Galleon Group founder Raj Rajaratnam and five others have been arrested and charged in an $20 million insider-trading case, prosecutors said.

According to court documents, Rajaratnam, the founder of the $7 billion Galleon Group and portfolio manager for the Galleon Technology Funds, has been charged with four counts of conspiracy and eight counts of securities fraud.

Others charged criminally in the case include Rajiv Goel, director in strategic investments at Intel Corp.'s (INTC) investment arm; Anil Kumar, a director at global management-consulting firm McKinsey & Co.; Danielle Chiesi and Mark Kurland of New Castle Partners LLC, the one-time equity hedge fund group at Bear Stearns Asset Management Inc.; and Robert Moffat, a senior vice president at International Business Machines Corp. (IBM).

A call to Galleon Group wasn't immediately returned Friday.

Preet Bharara, the U.S. Attorney in Manhattan, is expected to discuss the case in more detail at a press conference at 1 p.m.

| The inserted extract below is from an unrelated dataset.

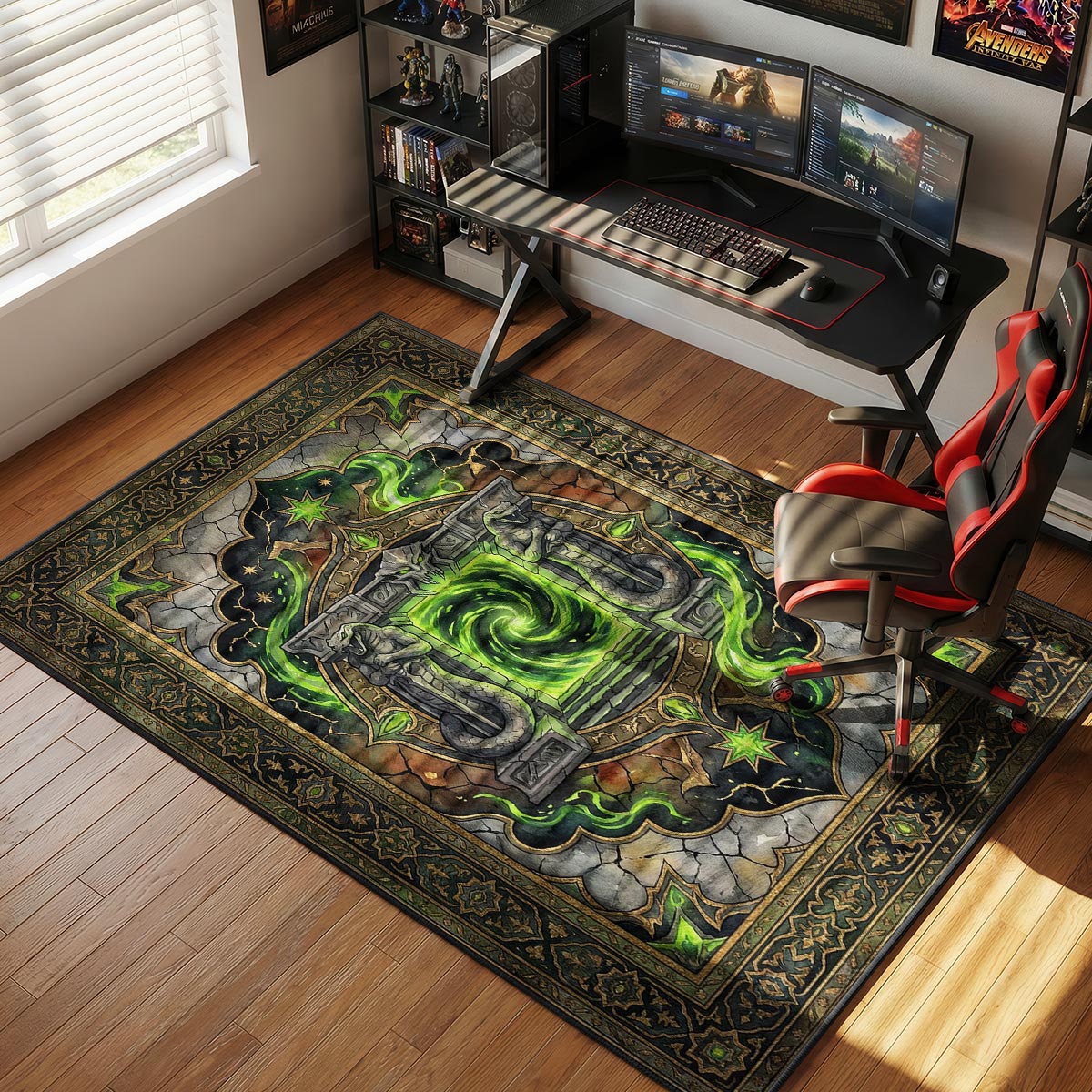 Dark Portal Fel Gate Rug - WoW Chair Mat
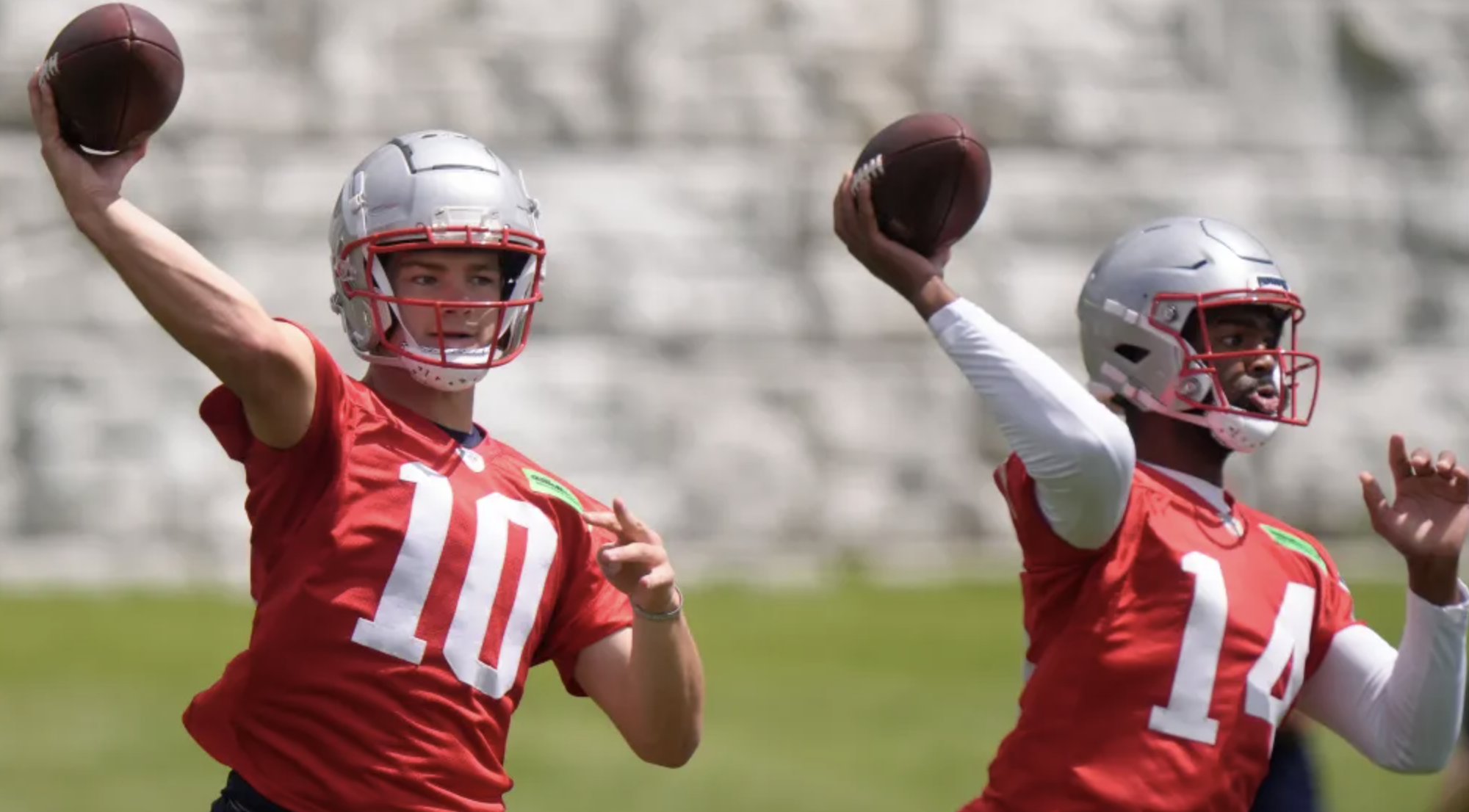 Drake Maye, Jacoby Brissett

EDT Friday.

The allegations put Rajaratnam at the center of several insider trades in which he allegedly caused Galleon funds to act on inside information or passed along tips to others.

In one instance, prosecutors allege that Rajaratnam, between January 2006 and July 2007, received nonpublic information about Polycom Inc. (PLCM), Hilton Hotels Corp. and Google Inc. (GOOG) and caused Galleon Technology Funds to make improper trades on that information. As a result, the Galleon fund earned more than $12.7 million, prosecutors said.

In another instance, Chiesi, the New Castle employee, allegedly received inside information regarding Akamai Technologies Inc. (AKAM) and Advanced Micro Devices Inc. (AMD) from an Akamai executive and Moffat, the IBM executive, prosecutors said.

She allegedly passed the information to Rajaratnam, who allegedly provided her with information regarding AMD and other publicly traded companies, the government said.

As a result of information Chiesi received from Rajaratnam, Moffat and others, New Castle earned a profit of more than $2.4 million, prosecutors said.